- Aim of the exercise:
Produce a verbatim transcription of all records.

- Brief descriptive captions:
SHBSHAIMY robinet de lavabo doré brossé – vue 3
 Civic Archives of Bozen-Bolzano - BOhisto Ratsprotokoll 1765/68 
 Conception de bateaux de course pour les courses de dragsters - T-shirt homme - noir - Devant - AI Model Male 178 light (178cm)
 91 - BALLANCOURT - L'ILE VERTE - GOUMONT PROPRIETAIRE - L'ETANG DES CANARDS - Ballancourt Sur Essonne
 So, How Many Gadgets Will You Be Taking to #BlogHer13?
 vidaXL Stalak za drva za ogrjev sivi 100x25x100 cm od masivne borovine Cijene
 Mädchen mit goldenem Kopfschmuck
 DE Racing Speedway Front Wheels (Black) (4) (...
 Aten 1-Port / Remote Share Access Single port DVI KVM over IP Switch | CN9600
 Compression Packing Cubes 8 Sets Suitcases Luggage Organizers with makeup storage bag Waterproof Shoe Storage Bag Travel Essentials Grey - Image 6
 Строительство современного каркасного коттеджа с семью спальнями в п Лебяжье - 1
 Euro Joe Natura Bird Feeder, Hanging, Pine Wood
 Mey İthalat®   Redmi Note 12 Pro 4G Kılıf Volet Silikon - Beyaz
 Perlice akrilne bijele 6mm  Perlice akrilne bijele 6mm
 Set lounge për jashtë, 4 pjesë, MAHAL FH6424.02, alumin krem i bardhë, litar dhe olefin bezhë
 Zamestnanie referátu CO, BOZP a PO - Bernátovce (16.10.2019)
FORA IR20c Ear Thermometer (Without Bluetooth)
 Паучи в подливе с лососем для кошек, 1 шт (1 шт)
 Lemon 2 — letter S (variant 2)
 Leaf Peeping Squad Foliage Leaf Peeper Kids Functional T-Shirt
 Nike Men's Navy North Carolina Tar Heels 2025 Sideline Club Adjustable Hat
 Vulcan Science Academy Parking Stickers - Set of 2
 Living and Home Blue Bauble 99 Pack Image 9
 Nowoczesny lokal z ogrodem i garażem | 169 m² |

- Exercise solution:
SHBSHAIMY robinet de lavabo doré brossé – vue 3
 Civic Archives of Bozen-Bolzano - BOhisto Ratsprotokoll 1765/68 
 Conception de bateaux de course pour les courses de dragsters - T-shirt homme - noir - Devant - AI Model Male 178 light (178cm)
 91 - BALLANCOURT - L'ILE VERTE - GOUMONT PROPRIETAIRE - L'ETANG DES CANARDS - Ballancourt Sur Essonne
 So, How Many Gadgets Will You Be Taking to #BlogHer13?
 vidaXL Stalak za drva za ogrjev sivi 100x25x100 cm od masivne borovine Cijene
 Mädchen mit goldenem Kopfschmuck
 DE Racing Speedway Front Wheels (Black) (4) (...
 Aten 1-Port / Remote Share Access Single port DVI KVM over IP Switch | CN9600
 Compression Packing Cubes 8 Sets Suitcases Luggage Organizers with makeup storage bag Waterproof Shoe Storage Bag Travel Essentials Grey - Image 6
 Строительство современного каркасного коттеджа с семью спальнями в п Лебяжье - 1
 Euro Joe Natura Bird Feeder, Hanging, Pine Wood
 Mey İthalat®   Redmi Note 12 Pro 4G Kılıf Volet Silikon - Beyaz
 Perlice akrilne bijele 6mm  Perlice akrilne bijele 6mm
 Set lounge për jashtë, 4 pjesë, MAHAL FH6424.02, alumin krem i bardhë, litar dhe olefin bezhë
 Zamestnanie referátu CO, BOZP a PO - Bernátovce (16.10.2019)
FORA IR20c Ear Thermometer (Without Bluetooth)
 Паучи в подливе с лососем для кошек, 1 шт (1 шт)
 Lemon 2 — letter S (variant 2)
 Leaf Peeping Squad Foliage Leaf Peeper Kids Functional T-Shirt
 Nike Men's Navy North Carolina Tar Heels 2025 Sideline Club Adjustable Hat
 Vulcan Science Academy Parking Stickers - Set of 2
 Living and Home Blue Bauble 99 Pack Image 9
 Nowoczesny lokal z ogrodem i garażem | 169 m² |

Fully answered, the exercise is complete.